Hari ini kita melihat diaspora santri di mana-mana. Di partai politik sekalipun, kaum santri sedang merangkak untuk mewarnai. Bukan hanya di partai Islam seperti PPP dan PKB saja, bahkan di Golkar, PDIP, Demokrat, PSI, dan partai lain, para santri sudah mulai memainkan peran. Ini tentu bagus untuk perkembangan demokrasi bangsa ke depan. Sebab, mereka ini generasi yang tidak perlu lagi dipertanyakan nasionalismenya.
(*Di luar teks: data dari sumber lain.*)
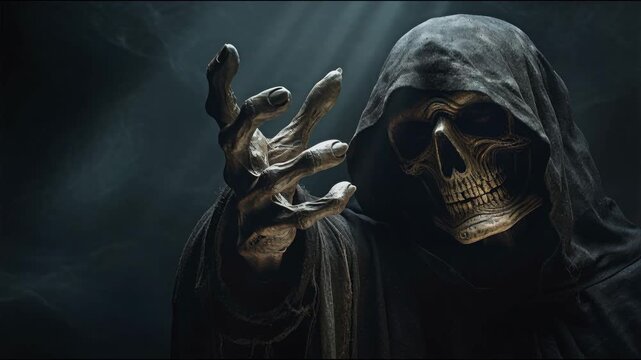Skull Face Reaching Hand in Dark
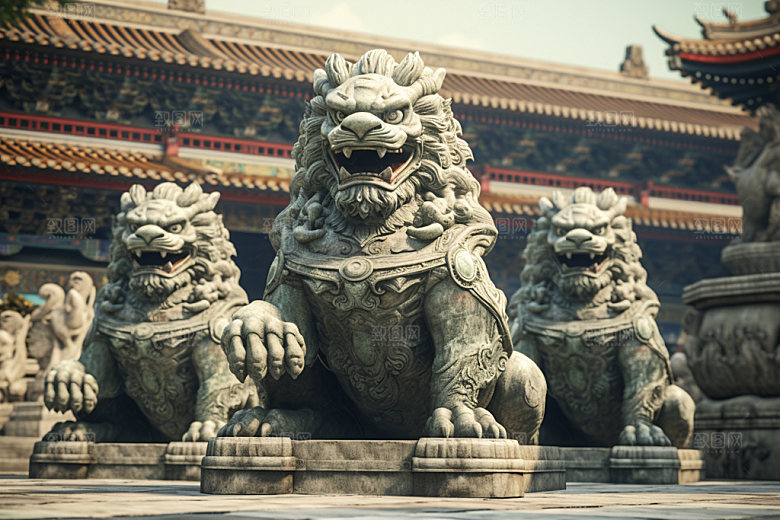石狮子石像中式建筑摄影图
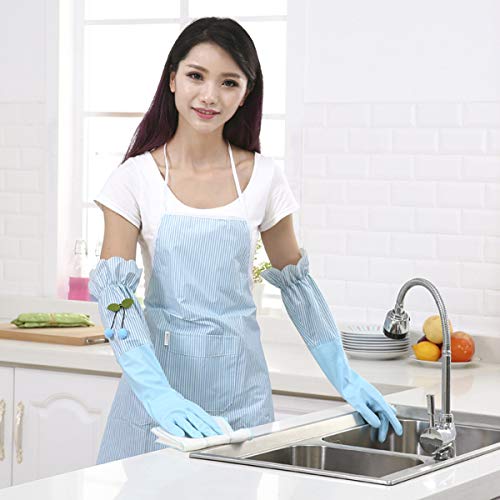RARITYUS Household Kitchen Cleaning Gloves Waterproof Cotton Lined Dishwashing Non-Slip Long Cuff Gloves - Thumbnail 2
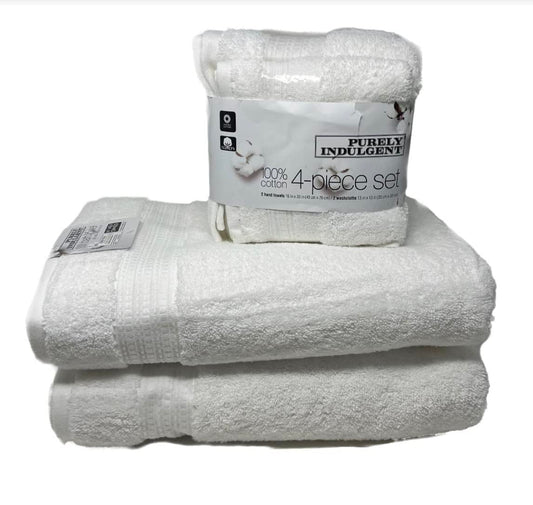 Purely Indulgent 100% HydroCotton | Includes: 2 Luxury Bath Towels, 2 Hand Towels & 2 Washcloths | Quality, Ultra Soft Towel Set | 6 Piece Set (White)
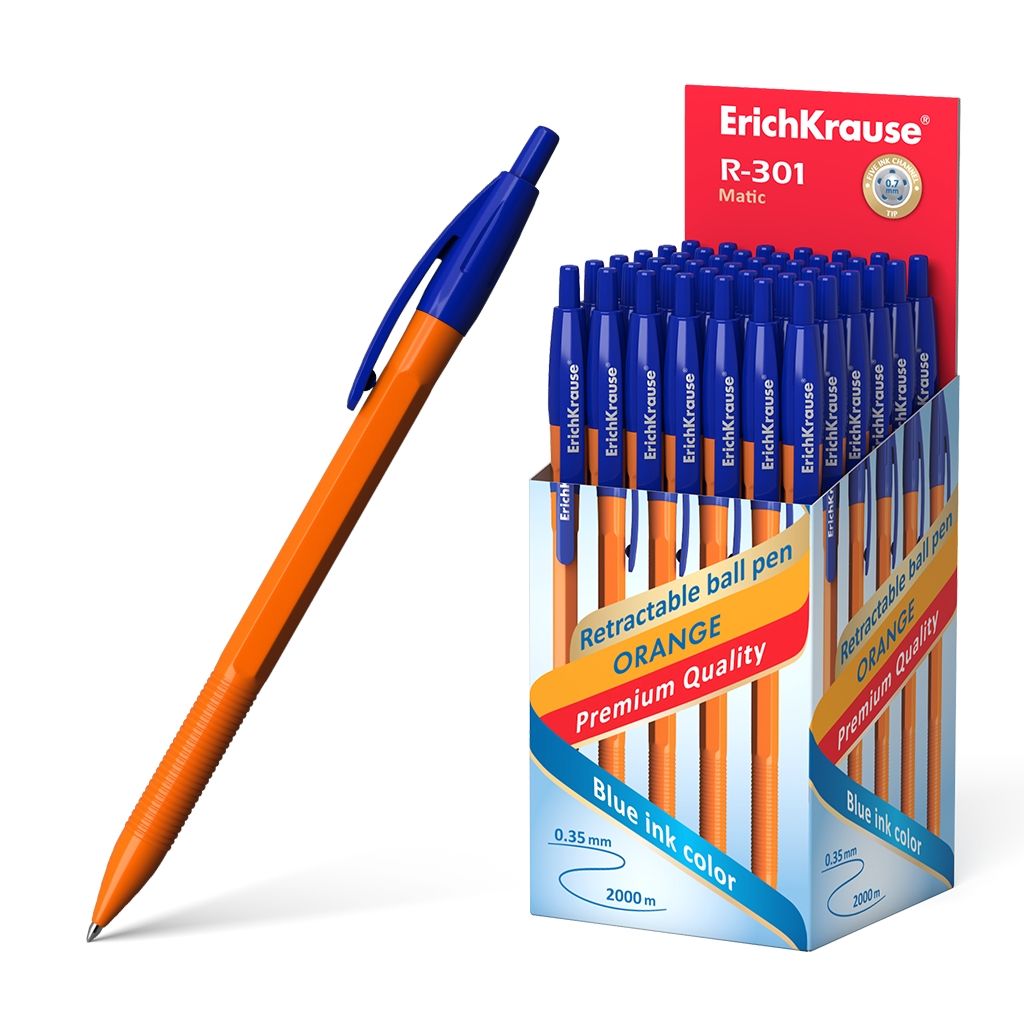 Цена за 50 шт. Ручка шариковая автоматическая ErichKrause R-301 Matic Orange 0.7, цвет чернил синий (в коробке по 50 шт.)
Keterbukaan menerima keragaman bangsa pun sudah teruji.
Di sisi lain, diaspora santri dalam gelanggang akademik hari ini cukup menggembirakan. Hasil obrolan ringan saya dan beberapa kawan pada Rabu malam (18/10/17) dengan Prof. Yudian W Asmin, Rektor UIN Sunan Kalijaga Yogyakarta sekarang, cukup memberikan penguat. Beliau sendiri yang pernah mencicipi gelora ilmu di Harvard University, Amerika, dulunya adalah seorang santri Tremas.
Santri-santri seperti beliau yang menimba ilmu di berbagai belahan dunia saat ini cukup banyak. Di Timur Tengah, mereka tersebar di Mesir, Arab Saudi, Maroko, Sudan, Yaman, dan negara lainnya. Di Barat, mereka juga mampu menembus Amerika, Jerman, Rusia, Belanda, Inggris, Kanada, dan masih banyak yang lain. Termasuk Prof. Nadirsyah Hosen yang kolom-kolomnya sering nongol di portal GeoTimes. Ini salah satunya, Al-Manshur. Beliau sekarang menyumbangkan ilmunya di Australia.
Ragam diaspora santri di berbagai ranah, baik itu politik, ilmu pengetahuan, dan lainnya, sebenarnya adalah kekuatan besar yang jika mampu dimaksimalkan tentu akan menjadi peluang bagi kehidupan demokrasi berbangsa. Di sinilah makna penting dari Hari Santri Nasional. Atau dalam bahasa akademik disebut kontekstualisasi. Ibarat sepakbola, mereka, para santri ini, adalah bola yang harus dimainkan oleh negara sehingga bisa menghasilkan gol. Gol adalah representasi dari kemajuan bangsa.
Jangan sampai negara terjebak dalam narasi melankolis generasi zaman now: “semacam tak memiliki, tapi takut kehilangan”. Negara seakan tak mau memiliki para santri, tapi di satu sisi takut kehilangan potensinya. Jadi, saat inilah waktunya negara melirik potensi para santri, sebelum potensi itu hilang bagai kembang yang layu.